----- Available data -----

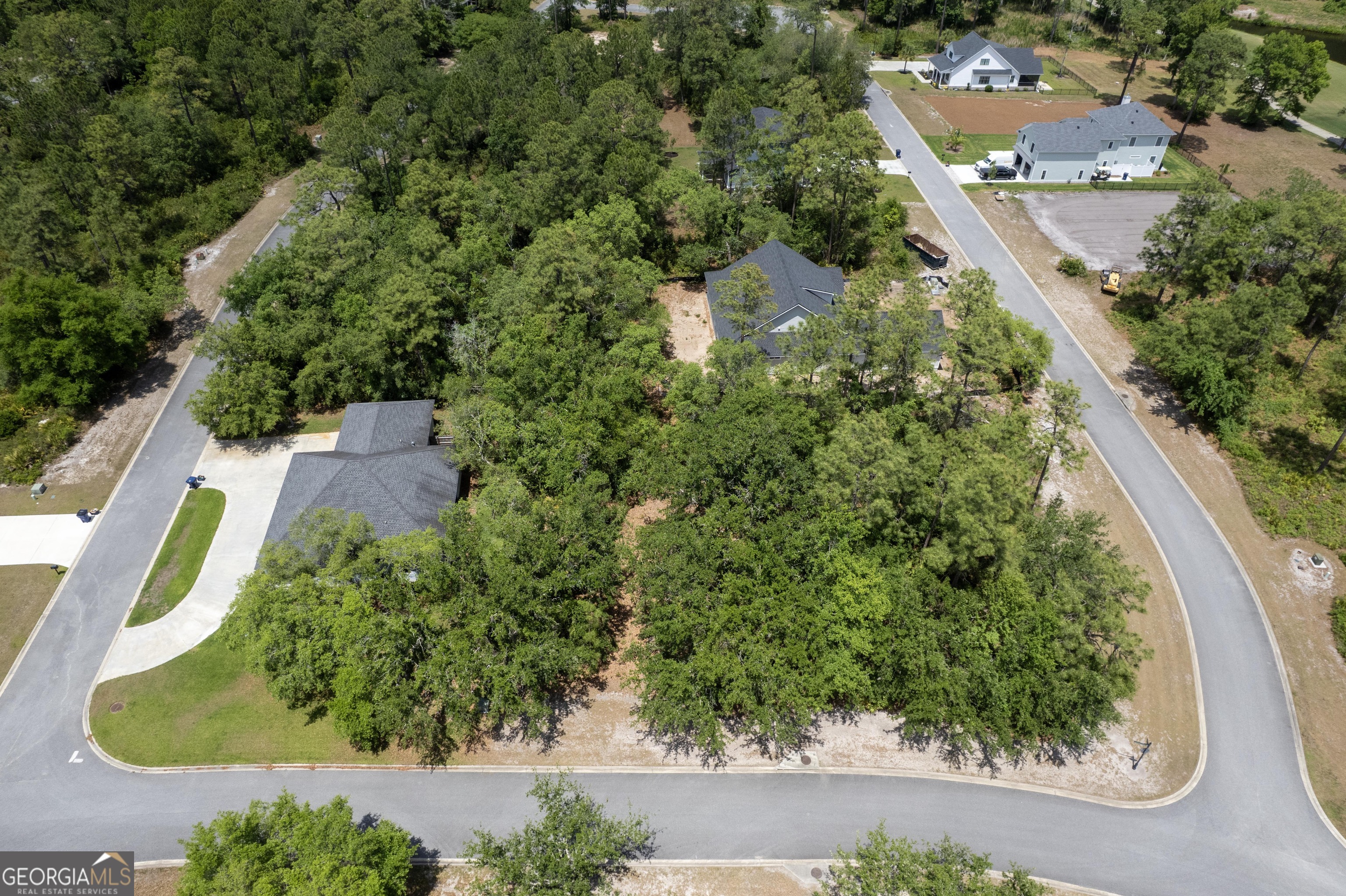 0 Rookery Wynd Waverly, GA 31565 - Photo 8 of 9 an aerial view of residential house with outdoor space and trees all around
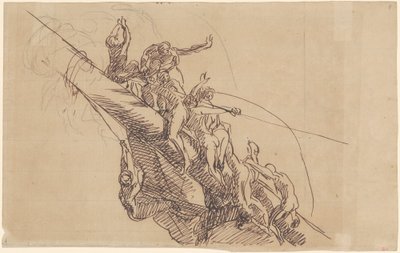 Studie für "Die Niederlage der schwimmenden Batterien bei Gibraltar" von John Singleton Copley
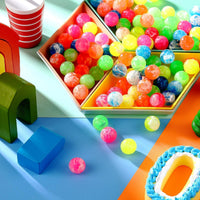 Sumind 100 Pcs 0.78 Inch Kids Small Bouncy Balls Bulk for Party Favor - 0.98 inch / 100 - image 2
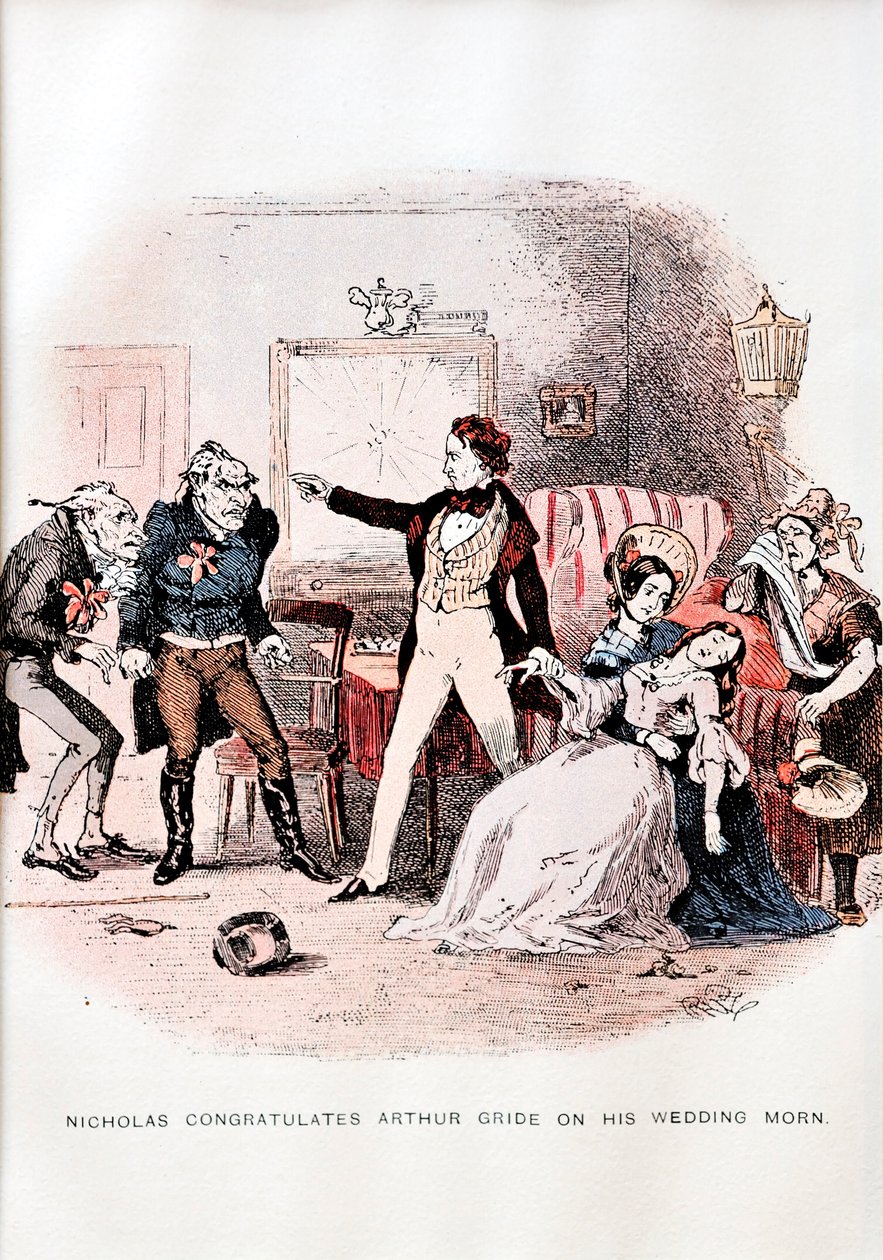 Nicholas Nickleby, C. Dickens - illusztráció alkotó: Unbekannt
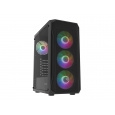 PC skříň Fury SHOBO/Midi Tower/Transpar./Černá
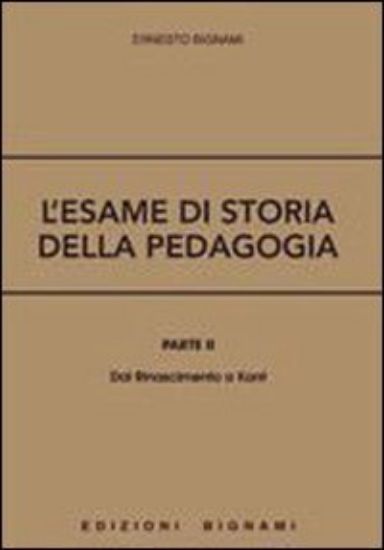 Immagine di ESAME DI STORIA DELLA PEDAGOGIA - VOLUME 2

-----

Exclude the pictures, and output exactly the lines from the one with "Nicholas Nickleby, C." through the last line of the records, both included.

 Nicholas Nickleby, C. Dickens - illusztráció alkotó: Unbekannt
 PC skříň Fury SHOBO/Midi Tower/Transpar./Černá
 Immagine di ESAME DI STORIA DELLA PEDAGOGIA - VOLUME 2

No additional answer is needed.